• **WHAT YOU SHOULD DO**: Give the data again exactly as it appears.

[Excerpts from a dataset]
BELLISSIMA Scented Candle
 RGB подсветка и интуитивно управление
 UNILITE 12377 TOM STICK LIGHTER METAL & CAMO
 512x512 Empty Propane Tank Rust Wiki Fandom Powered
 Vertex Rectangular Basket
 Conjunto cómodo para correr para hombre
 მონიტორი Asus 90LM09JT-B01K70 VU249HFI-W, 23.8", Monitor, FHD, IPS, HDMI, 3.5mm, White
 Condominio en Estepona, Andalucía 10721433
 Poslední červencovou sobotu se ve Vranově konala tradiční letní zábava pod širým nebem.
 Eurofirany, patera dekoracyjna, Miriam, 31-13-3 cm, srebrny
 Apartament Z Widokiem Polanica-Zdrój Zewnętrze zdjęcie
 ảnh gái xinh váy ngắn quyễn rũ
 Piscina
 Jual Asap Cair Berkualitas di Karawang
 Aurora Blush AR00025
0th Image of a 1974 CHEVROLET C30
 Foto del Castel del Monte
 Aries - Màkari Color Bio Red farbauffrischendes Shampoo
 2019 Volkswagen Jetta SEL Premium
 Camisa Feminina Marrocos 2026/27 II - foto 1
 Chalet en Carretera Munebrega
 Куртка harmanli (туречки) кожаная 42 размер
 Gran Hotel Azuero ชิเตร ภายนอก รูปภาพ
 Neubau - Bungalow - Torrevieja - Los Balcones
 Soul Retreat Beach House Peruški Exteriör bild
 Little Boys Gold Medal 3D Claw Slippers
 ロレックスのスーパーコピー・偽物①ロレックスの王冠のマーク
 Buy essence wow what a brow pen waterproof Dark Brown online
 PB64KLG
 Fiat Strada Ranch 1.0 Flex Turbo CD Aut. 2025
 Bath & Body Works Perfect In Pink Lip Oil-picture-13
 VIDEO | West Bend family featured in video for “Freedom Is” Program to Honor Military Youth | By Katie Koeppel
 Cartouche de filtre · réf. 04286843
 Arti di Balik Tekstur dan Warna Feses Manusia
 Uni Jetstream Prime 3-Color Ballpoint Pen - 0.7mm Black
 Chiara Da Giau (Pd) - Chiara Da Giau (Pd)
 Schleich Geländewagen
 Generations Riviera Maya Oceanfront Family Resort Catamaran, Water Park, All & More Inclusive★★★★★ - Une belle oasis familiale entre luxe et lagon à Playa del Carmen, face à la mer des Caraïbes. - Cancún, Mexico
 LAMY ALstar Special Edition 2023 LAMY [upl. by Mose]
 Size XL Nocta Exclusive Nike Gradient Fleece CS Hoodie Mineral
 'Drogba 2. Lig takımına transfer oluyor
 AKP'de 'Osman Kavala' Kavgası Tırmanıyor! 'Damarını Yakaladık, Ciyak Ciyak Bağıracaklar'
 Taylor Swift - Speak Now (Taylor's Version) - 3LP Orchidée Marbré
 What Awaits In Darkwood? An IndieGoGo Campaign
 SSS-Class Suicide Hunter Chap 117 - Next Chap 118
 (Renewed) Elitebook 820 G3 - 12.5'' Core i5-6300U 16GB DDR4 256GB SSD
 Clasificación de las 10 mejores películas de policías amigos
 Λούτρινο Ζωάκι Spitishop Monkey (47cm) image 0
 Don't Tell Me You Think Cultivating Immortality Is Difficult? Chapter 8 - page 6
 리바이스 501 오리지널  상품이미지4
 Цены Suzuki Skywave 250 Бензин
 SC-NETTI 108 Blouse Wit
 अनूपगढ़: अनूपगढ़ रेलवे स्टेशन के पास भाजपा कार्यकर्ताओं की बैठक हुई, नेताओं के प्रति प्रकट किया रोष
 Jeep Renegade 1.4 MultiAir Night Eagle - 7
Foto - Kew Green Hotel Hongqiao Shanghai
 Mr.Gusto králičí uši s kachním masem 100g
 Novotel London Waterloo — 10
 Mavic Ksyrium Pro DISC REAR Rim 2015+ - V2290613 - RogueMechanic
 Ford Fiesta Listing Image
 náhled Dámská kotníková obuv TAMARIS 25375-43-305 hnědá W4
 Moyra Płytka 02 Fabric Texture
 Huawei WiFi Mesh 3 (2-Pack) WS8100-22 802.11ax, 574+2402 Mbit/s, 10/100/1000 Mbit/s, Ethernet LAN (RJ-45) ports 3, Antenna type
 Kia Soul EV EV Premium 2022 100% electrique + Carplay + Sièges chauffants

• **COMPLETED TASK**:
BELLISSIMA Scented Candle
 RGB подсветка и интуитивно управление
 UNILITE 12377 TOM STICK LIGHTER METAL & CAMO
 512x512 Empty Propane Tank Rust Wiki Fandom Powered
 Vertex Rectangular Basket
 Conjunto cómodo para correr para hombre
 მონიტორი Asus 90LM09JT-B01K70 VU249HFI-W, 23.8", Monitor, FHD, IPS, HDMI, 3.5mm, White
 Condominio en Estepona, Andalucía 10721433
 Poslední červencovou sobotu se ve Vranově konala tradiční letní zábava pod širým nebem.
 Eurofirany, patera dekoracyjna, Miriam, 31-13-3 cm, srebrny
 Apartament Z Widokiem Polanica-Zdrój Zewnętrze zdjęcie
 ảnh gái xinh váy ngắn quyễn rũ
 Piscina
 Jual Asap Cair Berkualitas di Karawang
 Aurora Blush AR00025
0th Image of a 1974 CHEVROLET C30
 Foto del Castel del Monte
 Aries - Màkari Color Bio Red farbauffrischendes Shampoo
 2019 Volkswagen Jetta SEL Premium
 Camisa Feminina Marrocos 2026/27 II - foto 1
 Chalet en Carretera Munebrega
 Куртка harmanli (туречки) кожаная 42 размер
 Gran Hotel Azuero ชิเตร ภายนอก รูปภาพ
 Neubau - Bungalow - Torrevieja - Los Balcones
 Soul Retreat Beach House Peruški Exteriör bild
 Little Boys Gold Medal 3D Claw Slippers
 ロレックスのスーパーコピー・偽物①ロレックスの王冠のマーク
 Buy essence wow what a brow pen waterproof Dark Brown online
 PB64KLG
 Fiat Strada Ranch 1.0 Flex Turbo CD Aut. 2025
 Bath & Body Works Perfect In Pink Lip Oil-picture-13
 VIDEO | West Bend family featured in video for “Freedom Is” Program to Honor Military Youth | By Katie Koeppel
 Cartouche de filtre · réf. 04286843
 Arti di Balik Tekstur dan Warna Feses Manusia
 Uni Jetstream Prime 3-Color Ballpoint Pen - 0.7mm Black
 Chiara Da Giau (Pd) - Chiara Da Giau (Pd)
 Schleich Geländewagen
 Generations Riviera Maya Oceanfront Family Resort Catamaran, Water Park, All & More Inclusive★★★★★ - Une belle oasis familiale entre luxe et lagon à Playa del Carmen, face à la mer des Caraïbes. - Cancún, Mexico
 LAMY ALstar Special Edition 2023 LAMY [upl. by Mose]
 Size XL Nocta Exclusive Nike Gradient Fleece CS Hoodie Mineral
 'Drogba 2. Lig takımına transfer oluyor
 AKP'de 'Osman Kavala' Kavgası Tırmanıyor! 'Damarını Yakaladık, Ciyak Ciyak Bağıracaklar'
 Taylor Swift - Speak Now (Taylor's Version) - 3LP Orchidée Marbré
 What Awaits In Darkwood? An IndieGoGo Campaign
 SSS-Class Suicide Hunter Chap 117 - Next Chap 118
 (Renewed) Elitebook 820 G3 - 12.5'' Core i5-6300U 16GB DDR4 256GB SSD
 Clasificación de las 10 mejores películas de policías amigos
 Λούτρινο Ζωάκι Spitishop Monkey (47cm) image 0
 Don't Tell Me You Think Cultivating Immortality Is Difficult? Chapter 8 - page 6
 리바이스 501 오리지널  상품이미지4
 Цены Suzuki Skywave 250 Бензин
 SC-NETTI 108 Blouse Wit
 अनूपगढ़: अनूपगढ़ रेलवे स्टेशन के पास भाजपा कार्यकर्ताओं की बैठक हुई, नेताओं के प्रति प्रकट किया रोष
 Jeep Renegade 1.4 MultiAir Night Eagle - 7
Foto - Kew Green Hotel Hongqiao Shanghai
 Mr.Gusto králičí uši s kachním masem 100g
 Novotel London Waterloo — 10
 Mavic Ksyrium Pro DISC REAR Rim 2015+ - V2290613 - RogueMechanic
 Ford Fiesta Listing Image
 náhled Dámská kotníková obuv TAMARIS 25375-43-305 hnědá W4
 Moyra Płytka 02 Fabric Texture
 Huawei WiFi Mesh 3 (2-Pack) WS8100-22 802.11ax, 574+2402 Mbit/s, 10/100/1000 Mbit/s, Ethernet LAN (RJ-45) ports 3, Antenna type
 Kia Soul EV EV Premium 2022 100% electrique + Carplay + Sièges chauffants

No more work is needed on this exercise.